WHAT IS BEING ASKED:
In the records below, reproduce exactly the lines from the one containing "We can overload" through the one containing "Now where it", both included, and omit the pictures.

RECORDS SHOWN:
- Opening Delimiter -

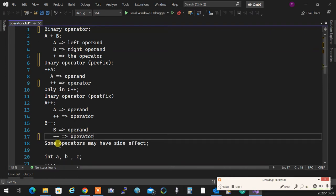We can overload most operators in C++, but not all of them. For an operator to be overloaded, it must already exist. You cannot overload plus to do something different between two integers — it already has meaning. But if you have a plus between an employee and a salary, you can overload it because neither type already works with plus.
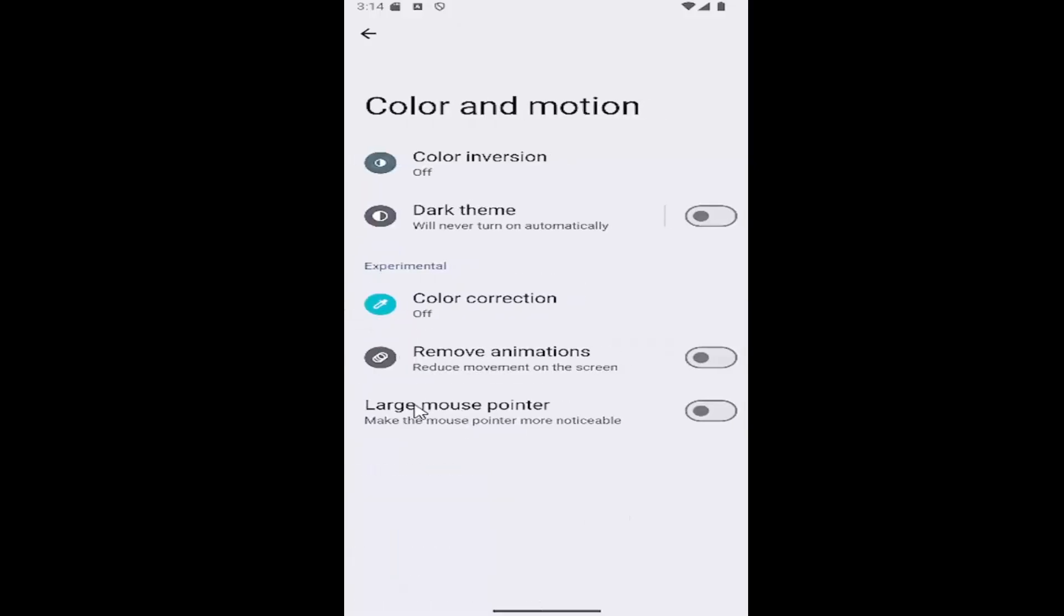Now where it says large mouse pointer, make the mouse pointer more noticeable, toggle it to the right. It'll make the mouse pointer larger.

- Closing Delimiter -
- Opening Delimiter -

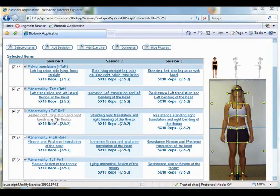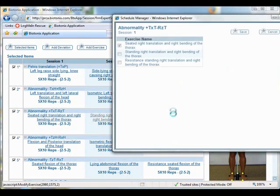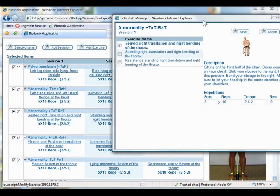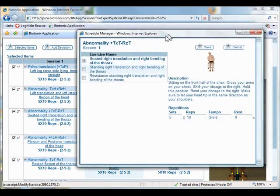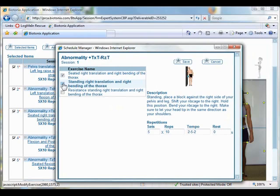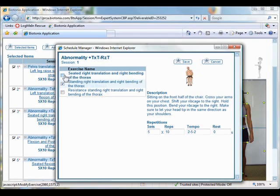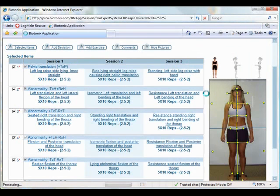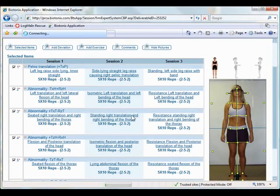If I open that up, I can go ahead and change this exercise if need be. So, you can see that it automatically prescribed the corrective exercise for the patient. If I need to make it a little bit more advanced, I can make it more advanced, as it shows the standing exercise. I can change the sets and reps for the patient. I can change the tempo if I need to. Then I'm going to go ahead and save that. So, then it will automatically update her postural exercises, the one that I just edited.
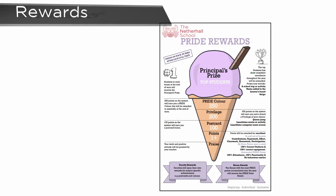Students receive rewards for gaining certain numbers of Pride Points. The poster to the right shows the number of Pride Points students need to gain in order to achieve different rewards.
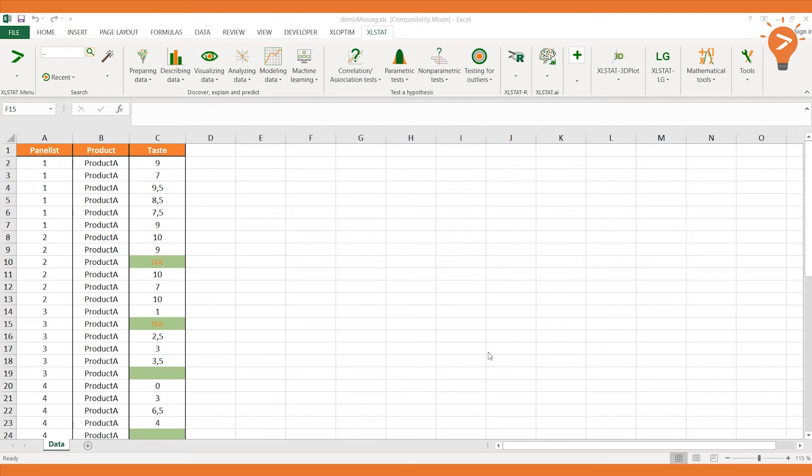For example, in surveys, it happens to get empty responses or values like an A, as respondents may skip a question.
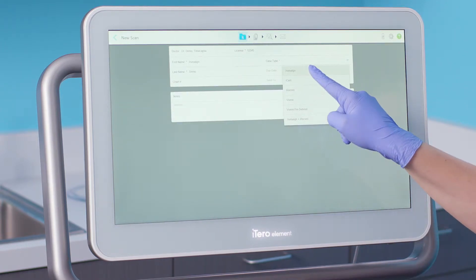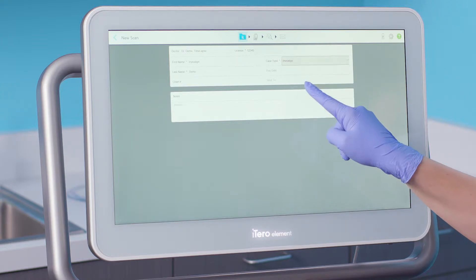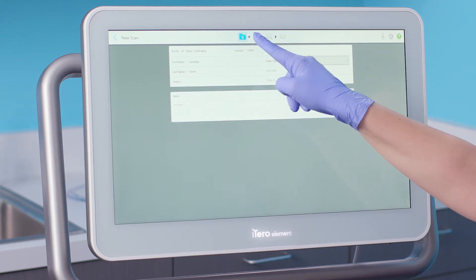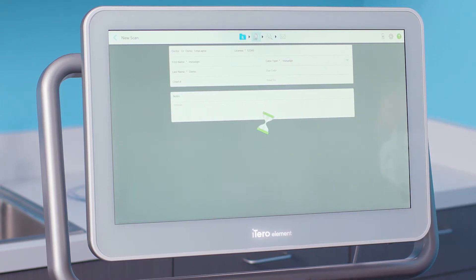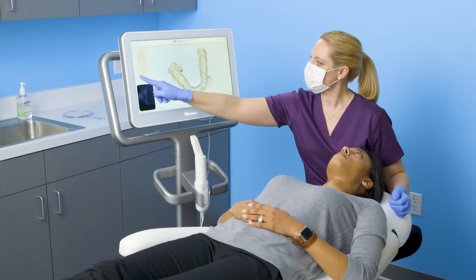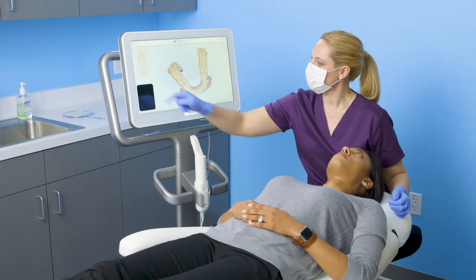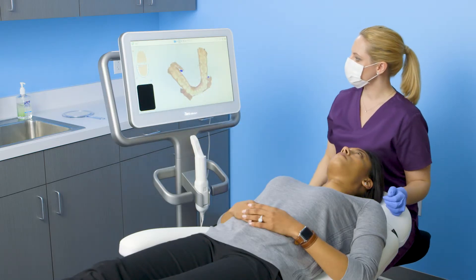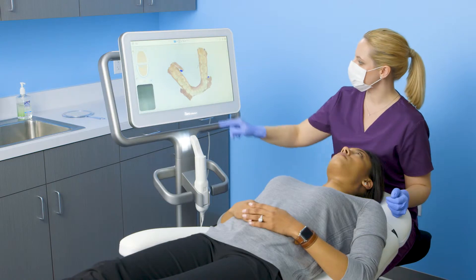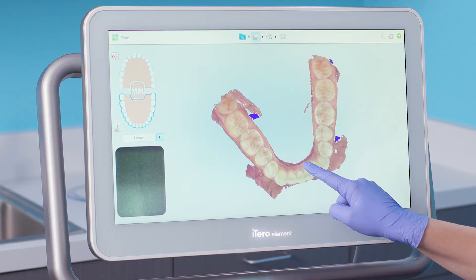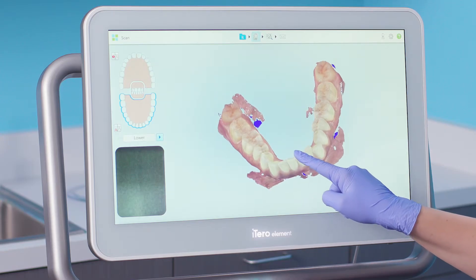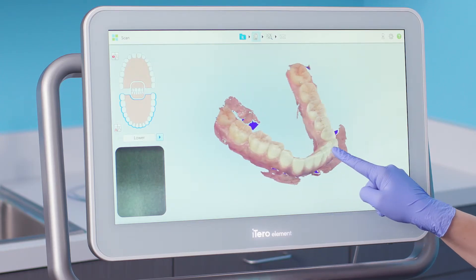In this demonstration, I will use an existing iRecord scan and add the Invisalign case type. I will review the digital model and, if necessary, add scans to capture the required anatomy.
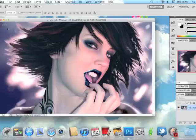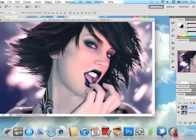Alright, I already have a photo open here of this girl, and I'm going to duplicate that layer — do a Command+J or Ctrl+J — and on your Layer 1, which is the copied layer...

- Closing Delimiter -

PROBLEM SOLUTION:
We can overload most operators in C++, but not all of them. For an operator to be overloaded, it must already exist. You cannot overload plus to do something different between two integers — it already has meaning. But if you have a plus between an employee and a salary, you can overload it because neither type already works with plus.
Now where it says large mouse pointer, make the mouse pointer more noticeable, toggle it to the right. It'll make the mouse pointer larger.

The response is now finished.